Reproduced exactly, the lines from the start of the material through the line containing "IKE MARTI Light" should be the whole answer, with pictures excluded.

***

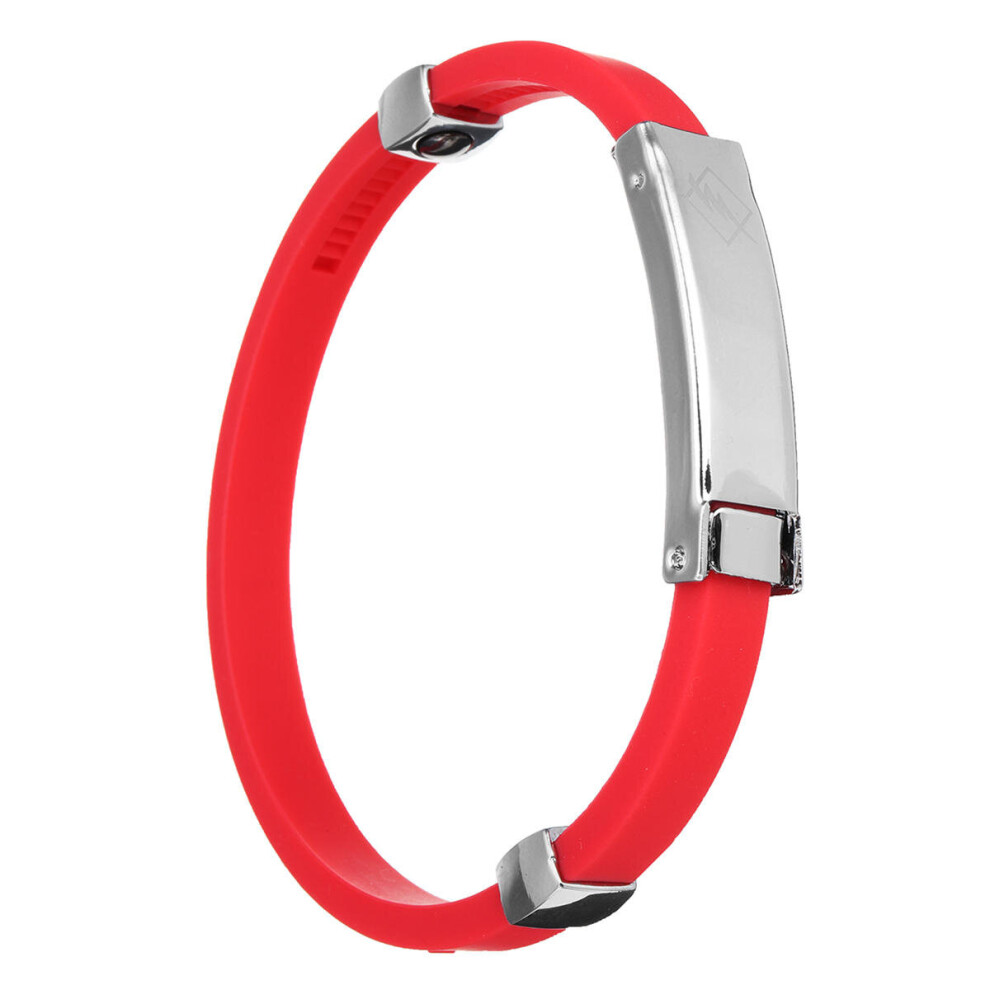 Portable Anti Static Titanium Ionic Magnetic Wristband Silicone Bracelet Balance Band Color Black/Red 840079089601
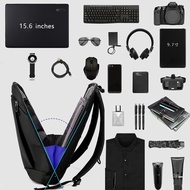 IKE MARTI Light Laptop Backpack Men 15.6 Inch Office Work Women Backpacks Business Bag Unisex Black Backpack Slim Back Pack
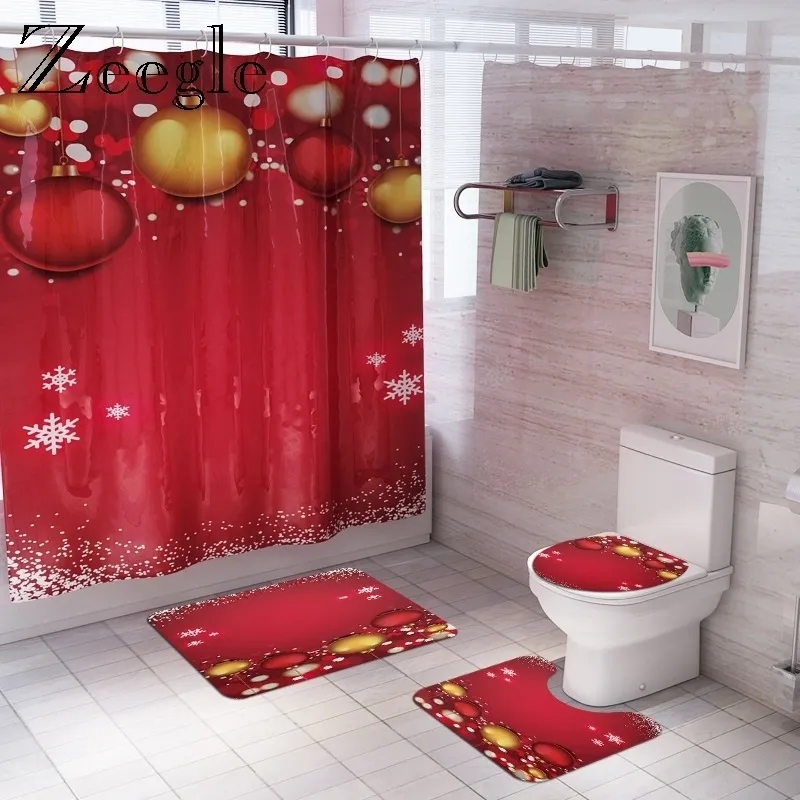 Zeegle Christmas Bath Mat Set Modern Bathroom Carpets Anti Slip Toilet Pedestal Rug Flannel Soft Foot Mat Washable Toilet Set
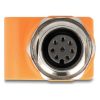 Delock M12 A-kódolt adapter 8 tűs anya - RJ45 anya Cat.5e beszerelő mélyedéssel, egyenes, narancssárga színű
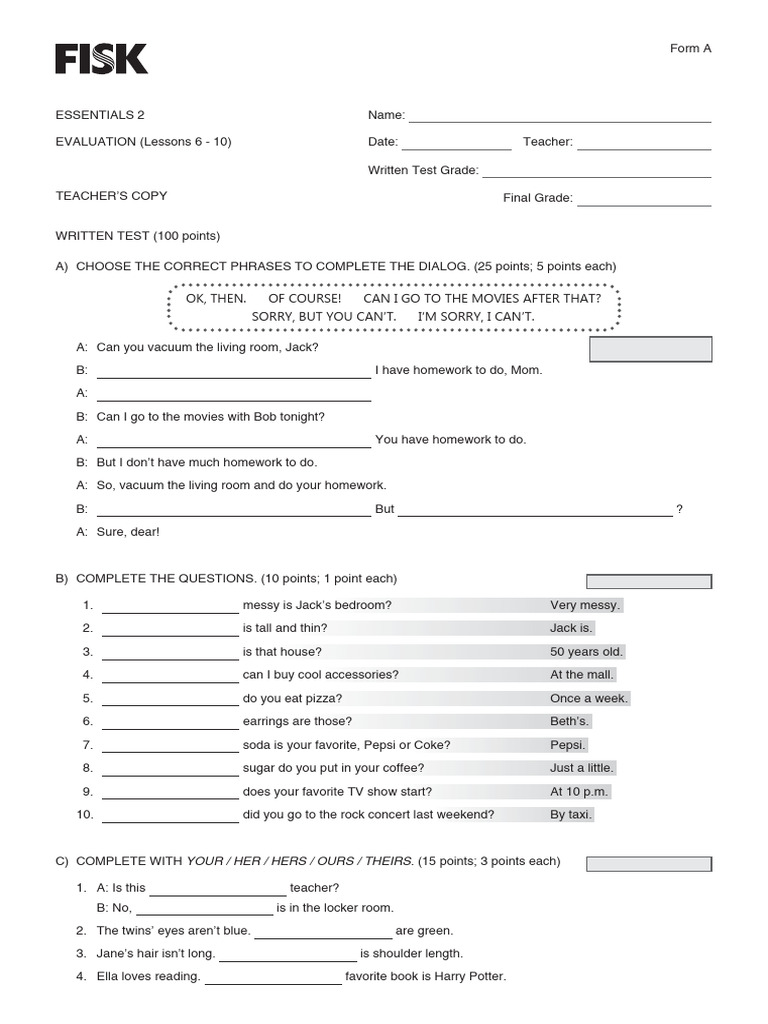 Essentials 2 Written Test Evaluation | PDF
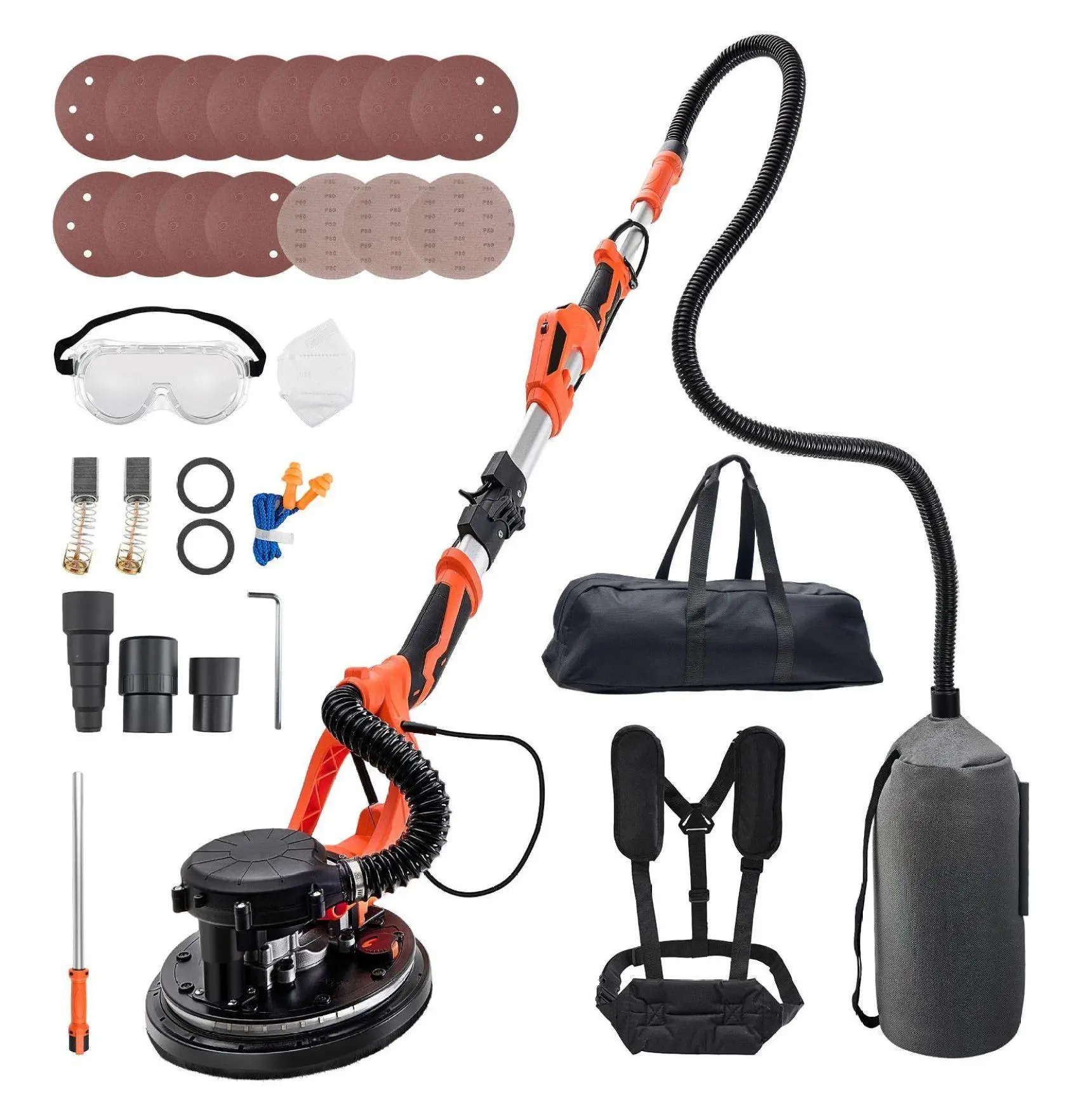 Drywall Sander 1150W Electric, Popcorn Ceiling Remover with Vacuum, Variable Speed, LED Light, Extendable Handle, 15 Sanding Discs Standard Self-Priming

***

→ **Response**
 Portable Anti Static Titanium Ionic Magnetic Wristband Silicone Bracelet Balance Band Color Black/Red 840079089601
 IKE MARTI Light Laptop Backpack Men 15.6 Inch Office Work Women Backpacks Business Bag Unisex Black Backpack Slim Back Pack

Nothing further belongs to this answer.